## INSTRUCTIONS TO FOLLOW
The required output is the exact run of lines in the listing below from the line holding "Traditional Lash Lift" through the line holding "Hills View Central", with no pictures.

## EXTRACTED MATERIAL

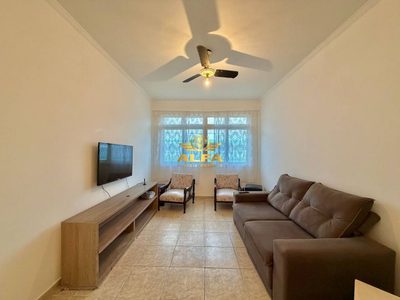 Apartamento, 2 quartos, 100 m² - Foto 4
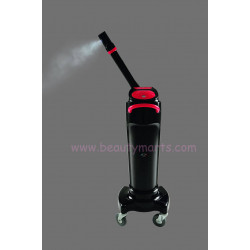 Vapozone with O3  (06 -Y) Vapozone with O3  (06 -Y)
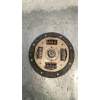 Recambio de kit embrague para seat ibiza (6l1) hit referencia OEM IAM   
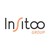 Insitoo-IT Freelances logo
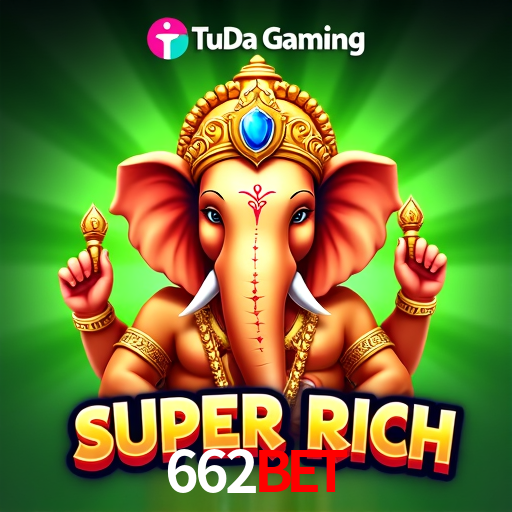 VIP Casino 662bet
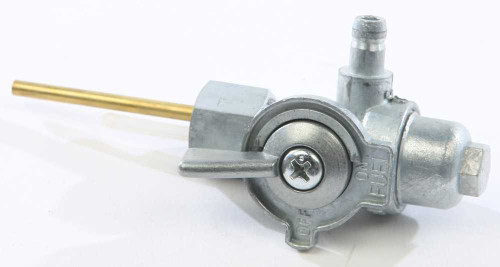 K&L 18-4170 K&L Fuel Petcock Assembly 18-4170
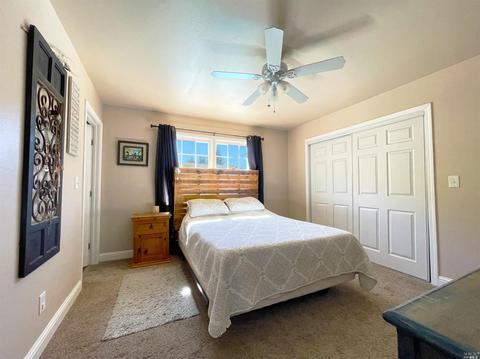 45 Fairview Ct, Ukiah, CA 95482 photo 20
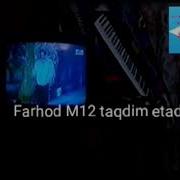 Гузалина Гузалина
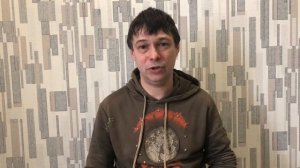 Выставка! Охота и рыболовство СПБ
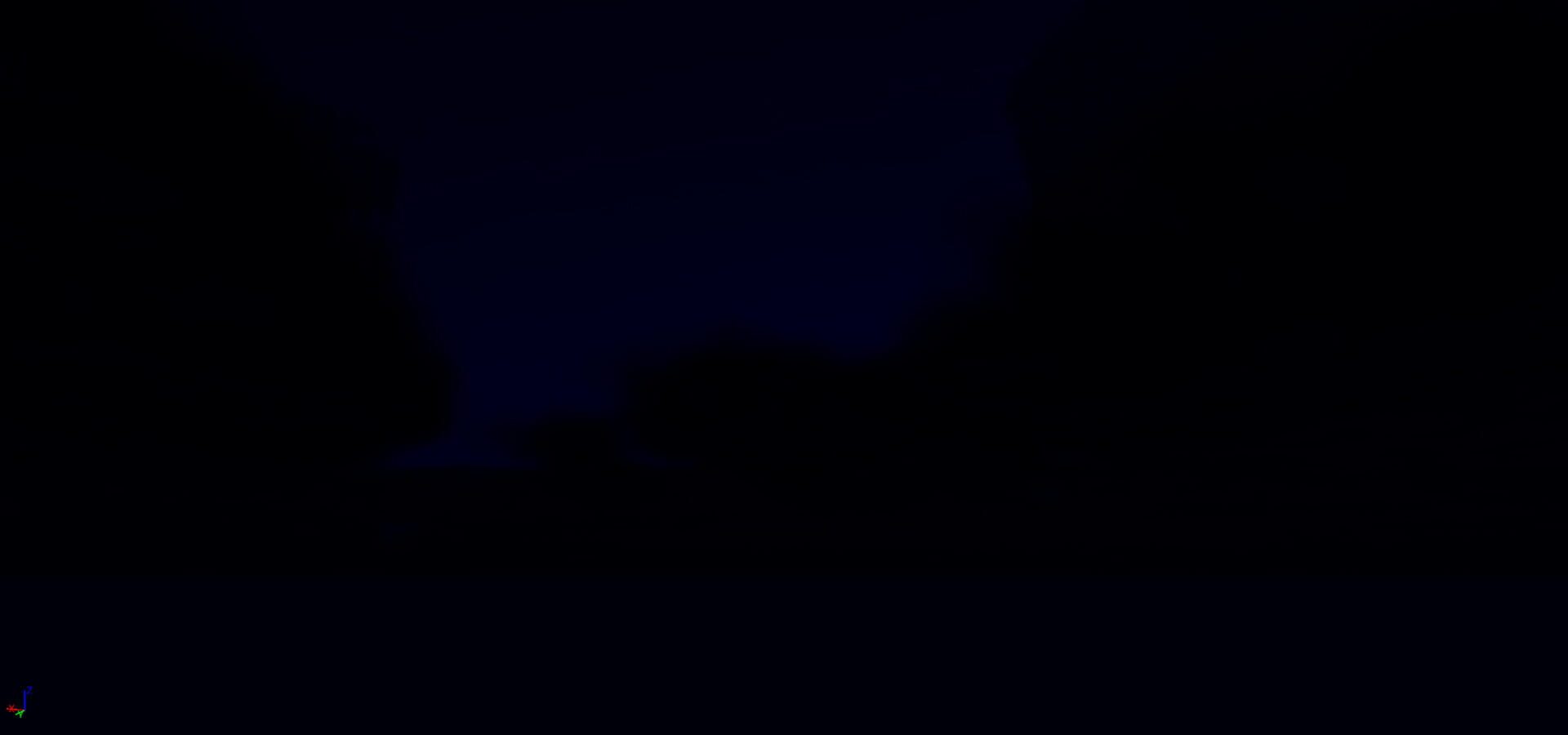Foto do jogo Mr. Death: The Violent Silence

* * *

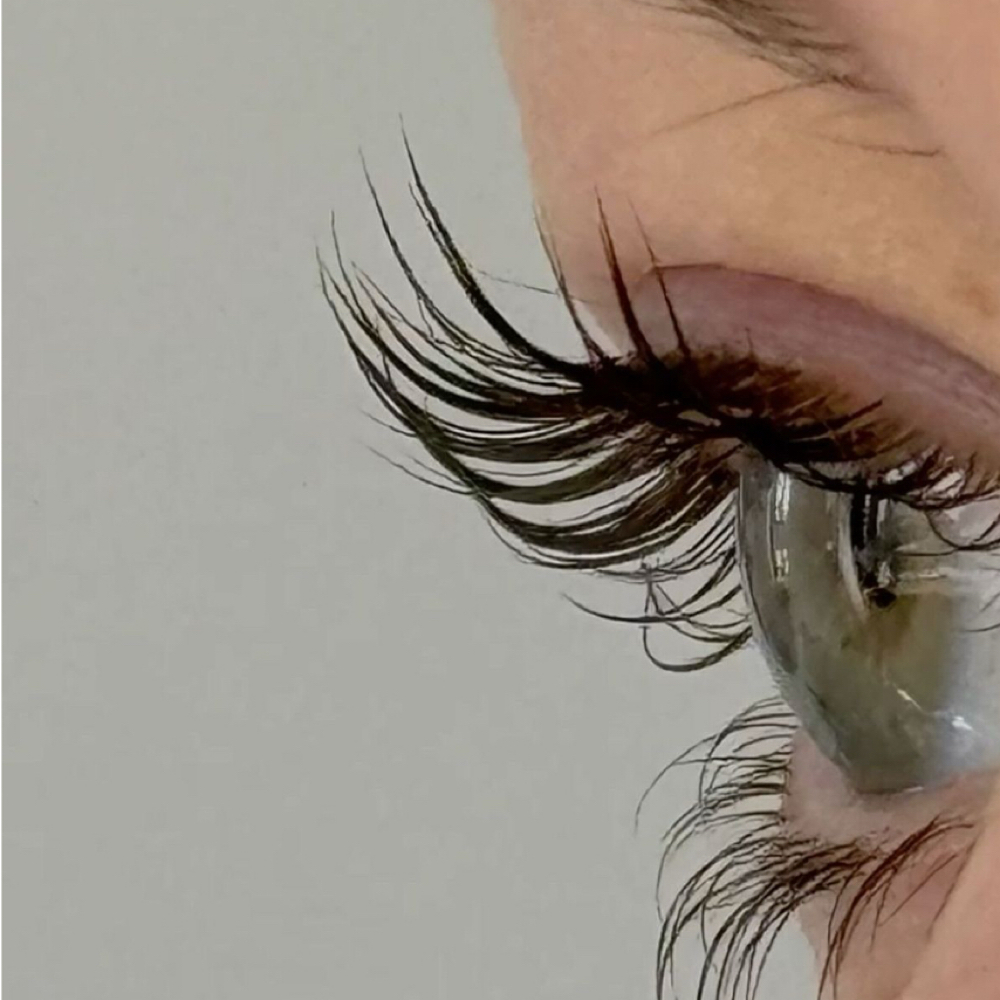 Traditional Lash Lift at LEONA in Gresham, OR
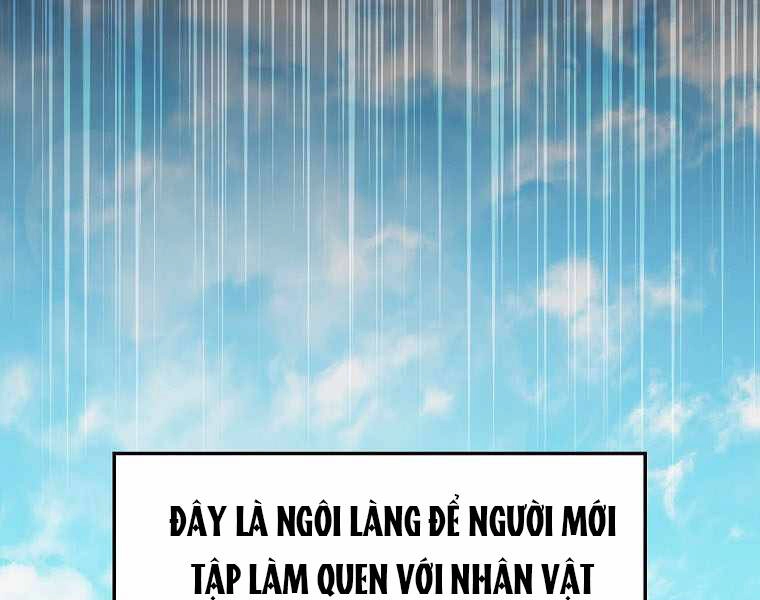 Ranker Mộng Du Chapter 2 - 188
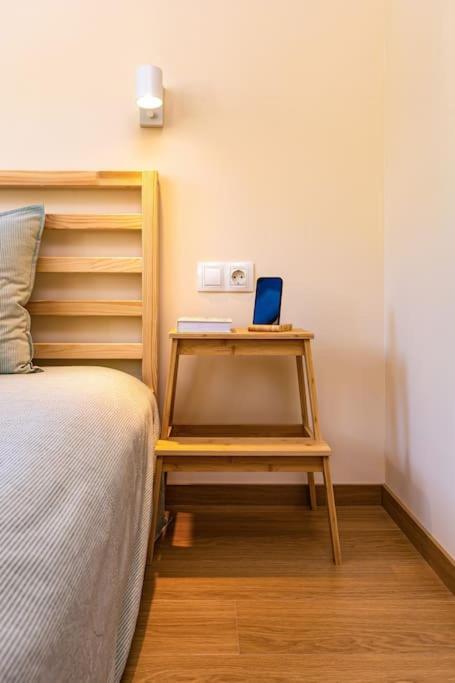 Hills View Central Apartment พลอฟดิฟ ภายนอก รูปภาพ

* * *

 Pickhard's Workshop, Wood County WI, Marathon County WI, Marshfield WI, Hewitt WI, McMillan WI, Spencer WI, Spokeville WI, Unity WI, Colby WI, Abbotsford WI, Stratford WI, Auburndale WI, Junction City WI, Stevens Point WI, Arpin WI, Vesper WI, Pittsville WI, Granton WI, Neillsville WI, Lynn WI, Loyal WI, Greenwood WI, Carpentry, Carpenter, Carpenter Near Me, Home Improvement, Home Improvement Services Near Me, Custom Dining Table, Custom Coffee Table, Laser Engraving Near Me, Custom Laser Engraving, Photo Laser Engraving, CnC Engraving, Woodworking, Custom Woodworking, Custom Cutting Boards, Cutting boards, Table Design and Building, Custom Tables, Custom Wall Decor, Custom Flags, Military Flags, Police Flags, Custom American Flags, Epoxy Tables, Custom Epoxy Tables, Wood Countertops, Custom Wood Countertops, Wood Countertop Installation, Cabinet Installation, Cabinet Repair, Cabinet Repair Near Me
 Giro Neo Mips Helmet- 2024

## OUTPUT OF THE TASK
 Traditional Lash Lift at LEONA in Gresham, OR
 Ranker Mộng Du Chapter 2 - 188
 Hills View Central Apartment พลอฟดิฟ ภายนอก รูปภาพ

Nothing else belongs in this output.